BPIW Gelar Seminar Nasional ICP-Concept Design Di 10 Kota Strategis
Badan Pengembangan Infrastruktur Wilayah (BPIW) Kementerian PU menggelar Seminar Nasional Integrated
City Planning (ICP) for Selected Areas in 10 Strategic Cities di Hotel Gran Mahakam, Jakarta
Selatan, pada Jumat, 29 Agustus 2025. Acara ini dibuka oleh Kepala BPIW, Bob Arthur Lombogia, dan
dihadiri oleh berbagai pemangku kepentingan dari pusat hingga daerah.
Sepuluh kawasan strategis yang menjadi fokus pengembangan dalam program ICP ini meliputi Kota
Bukittinggi, Kabupaten Belitung, Kabupaten Mempawah, Kota Samarinda, Kabupaten Banyumas
(Purwokerto), Kabupaten Morowali, Kabupaten Konawe, Kota Gorontalo, Kabupaten Halmahera Tengah
(Weda), dan Kota Sorong.
Dalam sambutannya, Bob Arthur menegaskan bahwa pelaksanaan seminar ini sangat relevan dengan
momentum awal pembangunan perkotaan pada tahun pertama pemerintahan baru. Hal ini juga sejalan
dengan pelaksanaan Asta Cita dan Rencana Pembangunan Jangka Menengah Nasional (RPJMN) 2025–2029,
serta penyusunan RPJMD oleh kepala daerah terpilih.
“Kita sekarang sudah memiliki program baru yang dituangkan dalam Renstra, yaitu program pembangunan
perkotaan berkelanjutan,” ujar Bob. Ia menekankan bahwa keberhasilan pembangunan perkotaan harus
dijalankan melalui sinergi pusat dan daerah, agar sejalan dengan arah pembangunan nasional.

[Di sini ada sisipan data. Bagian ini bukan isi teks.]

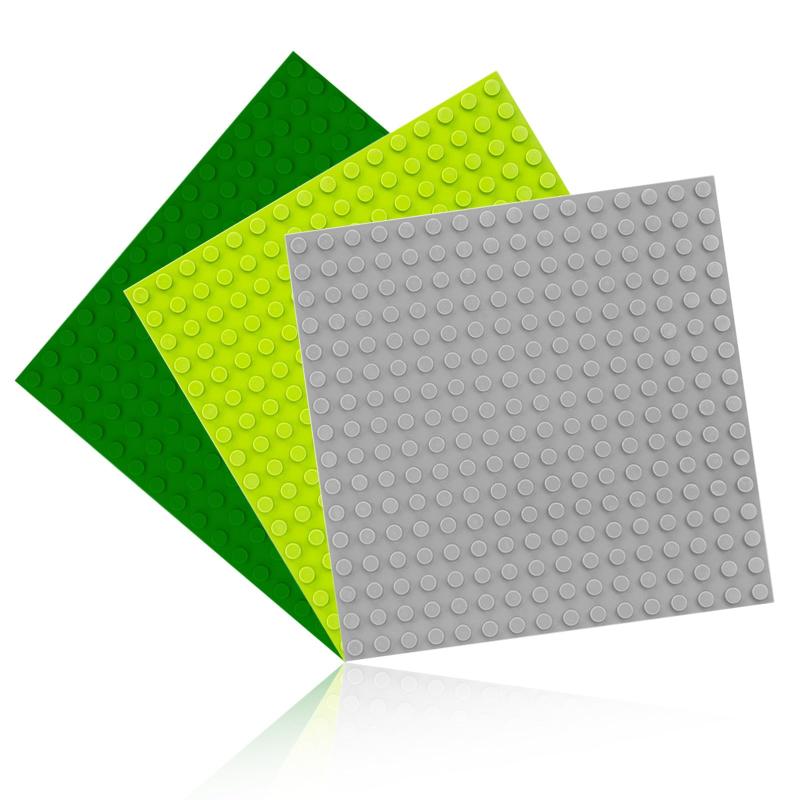 Jasonwell �֥��å������� 16�ݥå���16�ݥå� �ǥ�ץ��䥢��ѥ�ޥ�֥��å���Ʊ�������� 3������ ������� ������ ���� �ߴ� �١����ץ졼�� ...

Bob juga memaparkan berbagai tantangan yang dihadapi dalam pembangunan kota masa depan, termasuk
tren urbanisasi yang diprediksi akan meningkat signifikan pada 2045. Oleh karena itu, diperlukan
intervensi kebijakan secara nasional untuk mengantisipasi lonjakan tersebut, serta pencapaian
target-target global seperti Sustainable Development Goals (SDGs) 2030, New Urban Agenda, dan Paris
Agreement terkait perubahan iklim, The Sendai Framework (urban resilience for disaster).
Untuk mendukung transformasi perkotaan, Bob menjelaskan pentingnya penyediaan infrastruktur
terintegrasi yang berbasis pada potensi lokal. Hal ini harus didukung oleh komitmen bersama dalam
mendorong delapan indikator transformasi kota dan empat pilar pengembangan wilayah.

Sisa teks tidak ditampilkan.